Without the pictures, print the lines running from the beginning of the material to the line containing "Vidaxl winter dekbed", both ends included.

* _EXERCISE DATA_:
'''

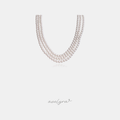 Three-strand necklace of round white pearls.
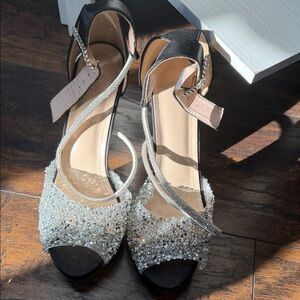 Elegant Black and Silver Women's Heels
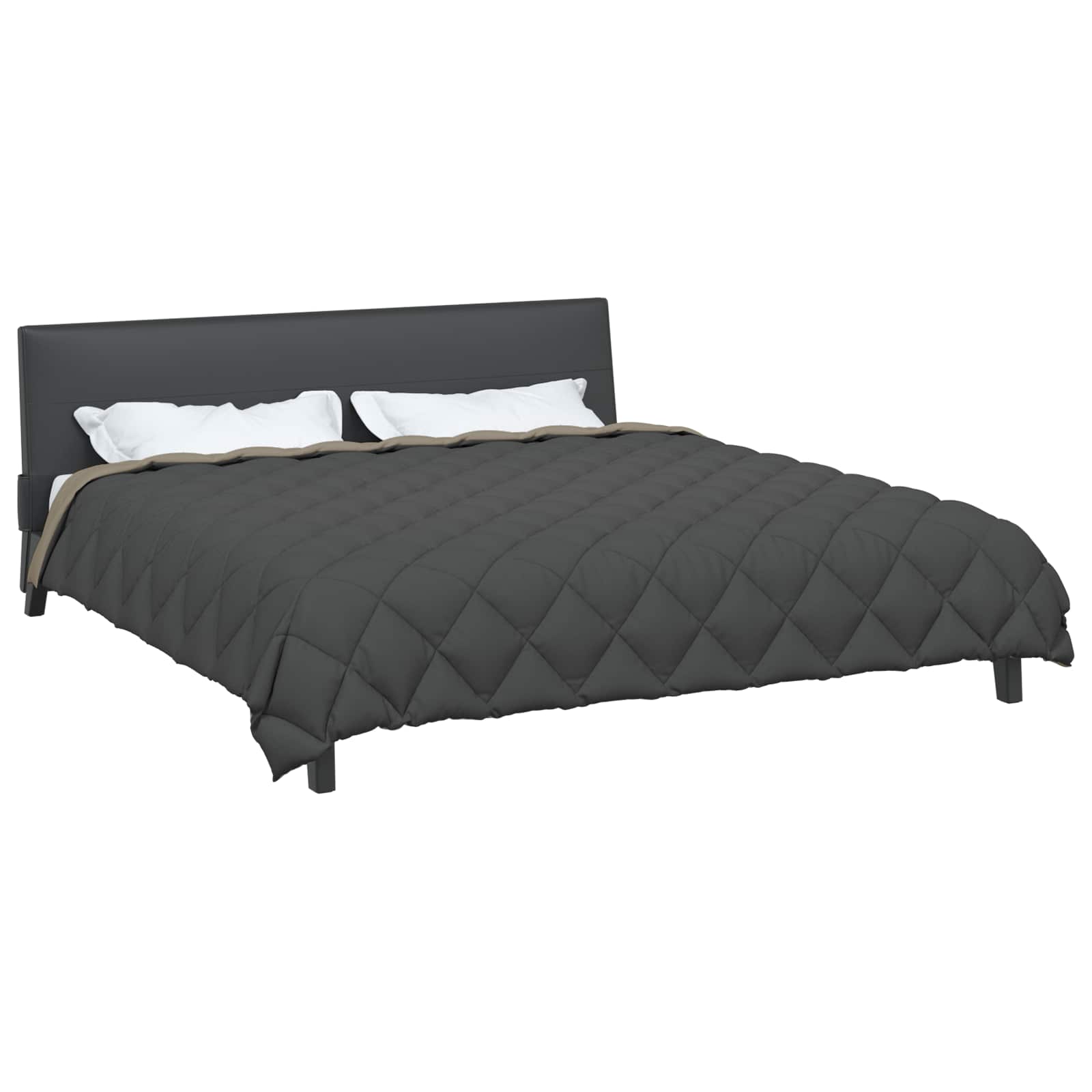 Vidaxl winter dekbed lichtgrijs en antraciet 240 x 200 cm microfiber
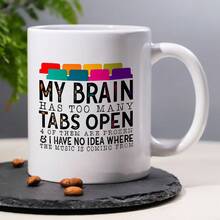 Local1 Pc,Funny Ceramic Coffee Mug, 11oz Milk Cup With "My Brain Has Too Many Tabs Open, 4 Of Them Are Frozen & I Have No Idea Where The Music Is Coming From" Perfect Gift For The Perfect Gift For - 彩色 - 查看 1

'''

* _EXERCISE RESULT_:
 Three-strand necklace of round white pearls.
 Elegant Black and Silver Women's Heels
 Vidaxl winter dekbed lichtgrijs en antraciet 240 x 200 cm microfiber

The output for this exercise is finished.